What the task requires » The answer must consist only of the lines from the line with "Camiseta 65.º Rótulo" to the line with "Le Guide Des", both included, exactly as they stand below.
··· Provided records ···
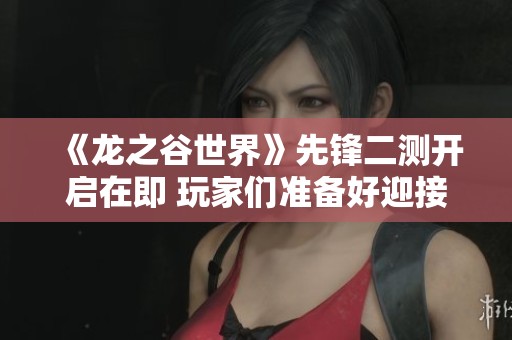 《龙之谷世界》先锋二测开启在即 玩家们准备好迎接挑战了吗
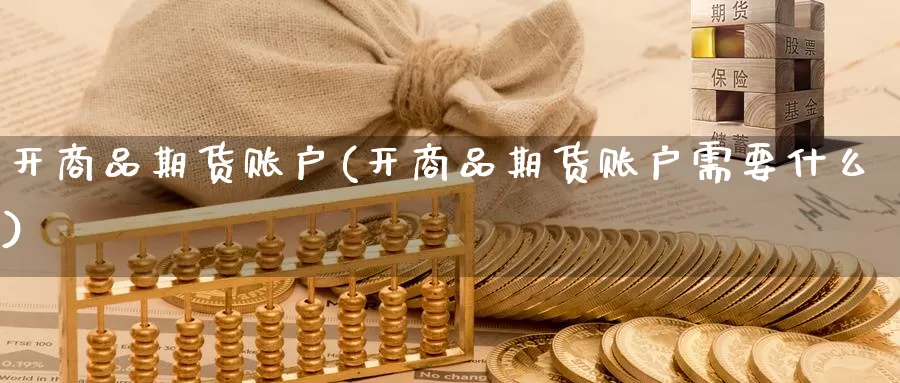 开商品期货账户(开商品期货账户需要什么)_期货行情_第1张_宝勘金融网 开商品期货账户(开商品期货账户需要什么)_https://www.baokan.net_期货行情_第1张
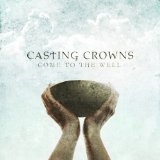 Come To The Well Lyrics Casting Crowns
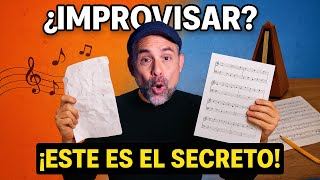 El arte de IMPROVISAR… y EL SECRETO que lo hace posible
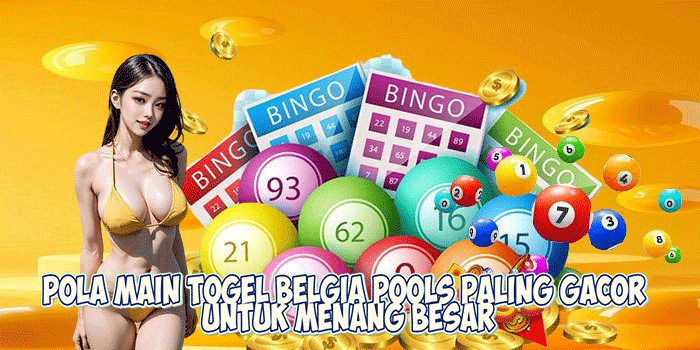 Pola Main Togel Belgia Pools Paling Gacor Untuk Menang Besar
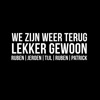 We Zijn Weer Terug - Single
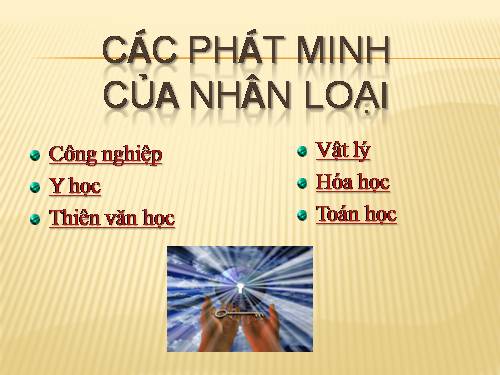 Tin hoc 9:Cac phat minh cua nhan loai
···
··· Provided records ···
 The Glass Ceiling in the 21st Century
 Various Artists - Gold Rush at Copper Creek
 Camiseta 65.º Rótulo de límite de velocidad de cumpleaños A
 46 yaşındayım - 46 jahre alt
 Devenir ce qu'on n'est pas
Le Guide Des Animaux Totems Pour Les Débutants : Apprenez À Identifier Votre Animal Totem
···
Response to this exercise »
 Camiseta 65.º Rótulo de límite de velocidad de cumpleaños A
 46 yaşındayım - 46 jahre alt
 Devenir ce qu'on n'est pas
Le Guide Des Animaux Totems Pour Les Débutants : Apprenez À Identifier Votre Animal Totem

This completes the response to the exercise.